NSC’de yeni dengesizliklerin etkilerini inceleyen bu içerik, uzun vadeli güvenlik perspektifini net ve uygulanabilir bir bakışla sunuyor.

Şubat 2025’te yaşanan drone saldırısı, Chernobyl’in Yeni Güvenli Kapatma (NSC) yapısının beklenenden daha kırılgan bir noktasında olduğunu gösterdi. Yüksek patlayıcı başlık taşıyan bir drone çatıyı vurdu ve dış kaplamada hasar oluştu.

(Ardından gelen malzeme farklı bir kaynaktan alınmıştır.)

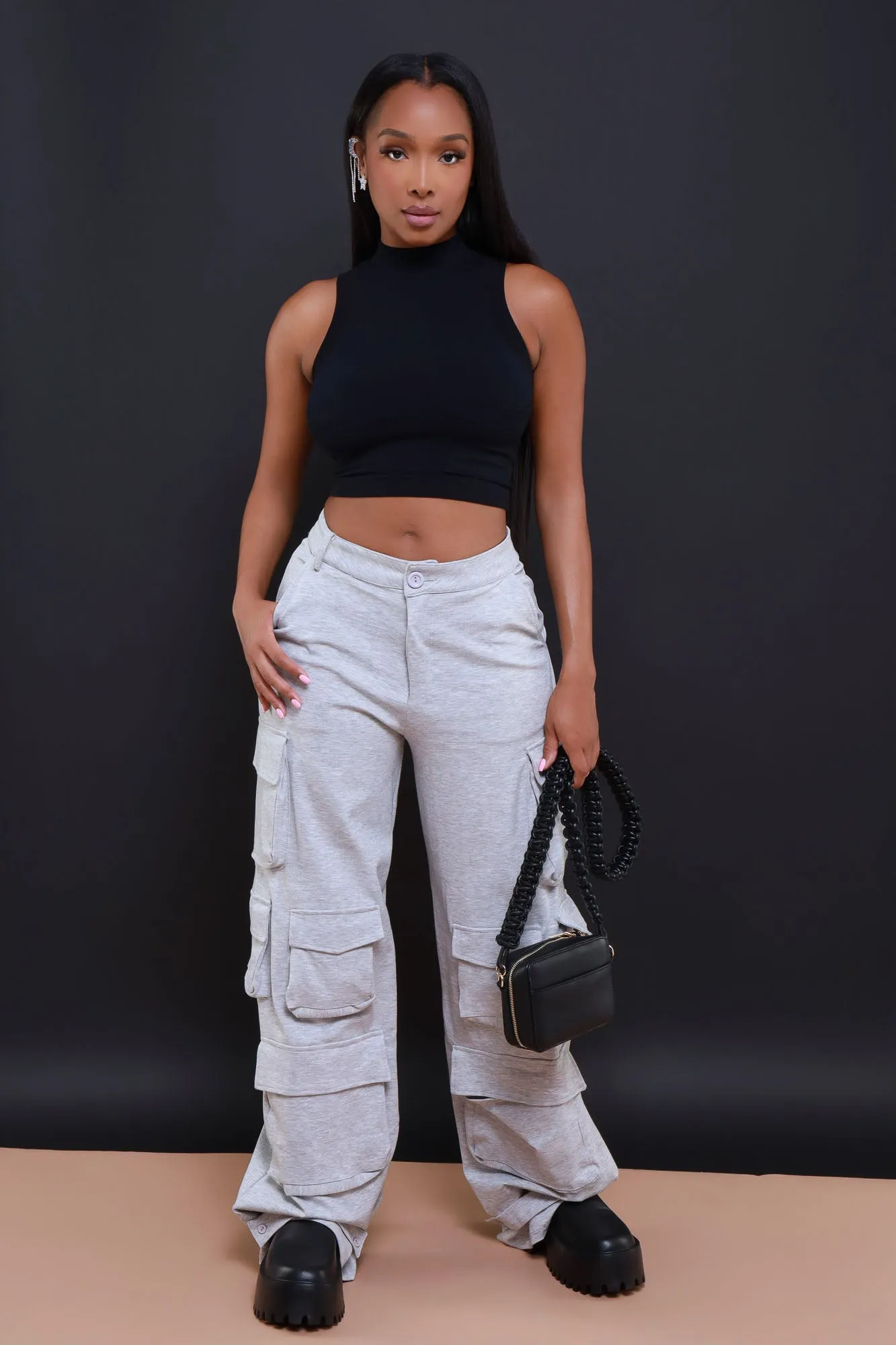 Sit Tight Micro Ribbed Pocket Crop Top - Black sold by Swankaposh product image thumbnail 4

Bu durum sonrası Uluslararası Atom Enerjisi Ajansı (IAEA), NSC’nin radyasyon tutma kapasitesinin zayıflamış olabileceğini düşündüren endişelerini dile getirdi.
İAEA Direktörü Rafael Mariano Grossi, çatıda kısıtlı geçici onarımlar yapıldığını, ancak daha fazla bozulmayı önlemek ve uzun vadeli güvenliği sağlamak için kapsamlı bir restorasyon sürecinin kritik önem taşıdığını belirtti. Yaşanan olayın ardından Ukrayna, saldırı için Rusya’yı suçladı; Rusya ise bu iddiaları reddediyor.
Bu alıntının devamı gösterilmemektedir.